» STORED DATA
--- START ---

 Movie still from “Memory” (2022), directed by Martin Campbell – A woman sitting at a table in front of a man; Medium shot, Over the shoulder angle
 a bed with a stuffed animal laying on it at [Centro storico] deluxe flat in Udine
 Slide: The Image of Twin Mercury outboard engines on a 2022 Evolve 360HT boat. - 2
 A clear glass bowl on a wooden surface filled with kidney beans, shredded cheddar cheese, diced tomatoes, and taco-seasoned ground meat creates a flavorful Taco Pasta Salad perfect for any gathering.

--- END ---

» ACTION ITEM
Give back all the material, with each line exactly as it stands.

» ANSWER SPACE
 Movie still from “Memory” (2022), directed by Martin Campbell – A woman sitting at a table in front of a man; Medium shot, Over the shoulder angle
 a bed with a stuffed animal laying on it at [Centro storico] deluxe flat in Udine
 Slide: The Image of Twin Mercury outboard engines on a 2022 Evolve 360HT boat. - 2
 A clear glass bowl on a wooden surface filled with kidney beans, shredded cheddar cheese, diced tomatoes, and taco-seasoned ground meat creates a flavorful Taco Pasta Salad perfect for any gathering.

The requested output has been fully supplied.